> [Your assignment] Of the lines below, write out exactly those from the line with "1200 mm larghezza" through the line with "membelah batu, posisi miring", both included, and skip the rest.

━━━━━ Input records

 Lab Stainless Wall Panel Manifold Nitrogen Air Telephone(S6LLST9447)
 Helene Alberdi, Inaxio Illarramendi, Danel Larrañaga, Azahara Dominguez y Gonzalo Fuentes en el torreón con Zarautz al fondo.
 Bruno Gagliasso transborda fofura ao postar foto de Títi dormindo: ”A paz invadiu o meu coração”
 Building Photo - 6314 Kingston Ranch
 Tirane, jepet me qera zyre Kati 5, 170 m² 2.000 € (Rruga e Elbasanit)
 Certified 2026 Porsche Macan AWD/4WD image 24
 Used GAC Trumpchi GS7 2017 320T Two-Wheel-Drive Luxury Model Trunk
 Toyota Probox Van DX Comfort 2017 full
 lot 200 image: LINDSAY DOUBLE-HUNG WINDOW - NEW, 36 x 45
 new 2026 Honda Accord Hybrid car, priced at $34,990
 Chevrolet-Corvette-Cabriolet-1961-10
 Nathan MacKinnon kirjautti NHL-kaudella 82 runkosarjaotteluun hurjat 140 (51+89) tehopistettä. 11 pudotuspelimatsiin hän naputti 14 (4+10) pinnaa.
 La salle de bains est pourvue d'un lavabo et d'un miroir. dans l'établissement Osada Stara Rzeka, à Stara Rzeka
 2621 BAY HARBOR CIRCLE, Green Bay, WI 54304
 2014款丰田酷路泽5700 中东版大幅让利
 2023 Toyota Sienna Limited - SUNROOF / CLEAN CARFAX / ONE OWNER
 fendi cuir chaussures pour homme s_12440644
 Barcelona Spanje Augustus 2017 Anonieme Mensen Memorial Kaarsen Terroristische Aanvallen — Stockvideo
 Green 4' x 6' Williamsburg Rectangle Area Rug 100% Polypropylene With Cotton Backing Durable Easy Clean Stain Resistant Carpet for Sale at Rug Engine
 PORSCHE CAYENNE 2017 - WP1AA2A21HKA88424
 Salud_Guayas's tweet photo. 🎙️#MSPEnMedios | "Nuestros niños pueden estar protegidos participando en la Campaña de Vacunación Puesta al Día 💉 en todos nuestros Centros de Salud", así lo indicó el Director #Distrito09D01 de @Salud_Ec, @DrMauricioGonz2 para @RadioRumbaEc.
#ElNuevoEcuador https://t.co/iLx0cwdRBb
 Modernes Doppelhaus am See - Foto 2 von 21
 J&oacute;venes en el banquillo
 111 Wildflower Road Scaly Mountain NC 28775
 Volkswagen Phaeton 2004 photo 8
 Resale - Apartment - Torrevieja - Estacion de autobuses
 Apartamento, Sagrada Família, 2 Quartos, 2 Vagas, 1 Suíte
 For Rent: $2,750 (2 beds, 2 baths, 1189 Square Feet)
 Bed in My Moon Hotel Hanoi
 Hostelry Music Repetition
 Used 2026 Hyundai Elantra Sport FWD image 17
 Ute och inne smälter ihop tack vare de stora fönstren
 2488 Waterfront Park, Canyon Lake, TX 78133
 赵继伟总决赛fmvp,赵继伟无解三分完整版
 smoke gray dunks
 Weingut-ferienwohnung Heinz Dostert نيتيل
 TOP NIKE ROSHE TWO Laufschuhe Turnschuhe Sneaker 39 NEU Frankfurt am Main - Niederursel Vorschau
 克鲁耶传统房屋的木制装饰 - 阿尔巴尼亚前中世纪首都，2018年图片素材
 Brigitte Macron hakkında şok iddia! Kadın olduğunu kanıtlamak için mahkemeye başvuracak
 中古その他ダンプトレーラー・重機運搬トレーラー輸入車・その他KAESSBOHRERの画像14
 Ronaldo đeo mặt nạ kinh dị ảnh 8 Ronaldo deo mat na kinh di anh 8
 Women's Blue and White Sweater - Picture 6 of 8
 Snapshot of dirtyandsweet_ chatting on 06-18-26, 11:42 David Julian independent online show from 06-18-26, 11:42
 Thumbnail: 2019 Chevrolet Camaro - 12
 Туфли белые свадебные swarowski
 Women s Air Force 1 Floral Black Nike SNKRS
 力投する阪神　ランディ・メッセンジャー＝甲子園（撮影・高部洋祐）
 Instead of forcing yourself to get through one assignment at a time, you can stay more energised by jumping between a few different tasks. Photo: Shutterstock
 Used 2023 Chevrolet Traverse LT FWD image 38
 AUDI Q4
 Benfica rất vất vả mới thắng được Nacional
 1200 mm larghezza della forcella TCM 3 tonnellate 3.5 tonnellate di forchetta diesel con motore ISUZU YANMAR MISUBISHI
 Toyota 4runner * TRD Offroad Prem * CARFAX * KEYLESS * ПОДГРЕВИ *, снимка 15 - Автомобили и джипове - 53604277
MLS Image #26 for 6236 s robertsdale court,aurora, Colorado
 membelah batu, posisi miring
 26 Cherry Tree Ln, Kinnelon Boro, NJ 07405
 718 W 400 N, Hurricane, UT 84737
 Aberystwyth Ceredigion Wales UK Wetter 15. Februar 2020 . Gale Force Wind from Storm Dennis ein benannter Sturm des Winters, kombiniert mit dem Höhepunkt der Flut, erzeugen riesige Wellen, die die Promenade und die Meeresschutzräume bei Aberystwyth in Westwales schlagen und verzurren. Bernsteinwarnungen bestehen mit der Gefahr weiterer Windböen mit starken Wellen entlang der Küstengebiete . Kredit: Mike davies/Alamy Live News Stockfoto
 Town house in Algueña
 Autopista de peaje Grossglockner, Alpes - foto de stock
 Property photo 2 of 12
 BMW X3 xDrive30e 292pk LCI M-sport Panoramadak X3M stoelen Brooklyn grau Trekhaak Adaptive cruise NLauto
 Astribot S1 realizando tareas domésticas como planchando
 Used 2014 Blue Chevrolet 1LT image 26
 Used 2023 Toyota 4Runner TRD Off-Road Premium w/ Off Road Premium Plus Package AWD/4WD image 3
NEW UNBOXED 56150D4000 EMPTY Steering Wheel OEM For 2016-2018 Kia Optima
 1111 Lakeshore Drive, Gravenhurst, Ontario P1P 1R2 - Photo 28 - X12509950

━━━━━━━━━━

> [Your solution]
 1200 mm larghezza della forcella TCM 3 tonnellate 3.5 tonnellate di forchetta diesel con motore ISUZU YANMAR MISUBISHI
 Toyota 4runner * TRD Offroad Prem * CARFAX * KEYLESS * ПОДГРЕВИ *, снимка 15 - Автомобили и джипове - 53604277
MLS Image #26 for 6236 s robertsdale court,aurora, Colorado
 membelah batu, posisi miring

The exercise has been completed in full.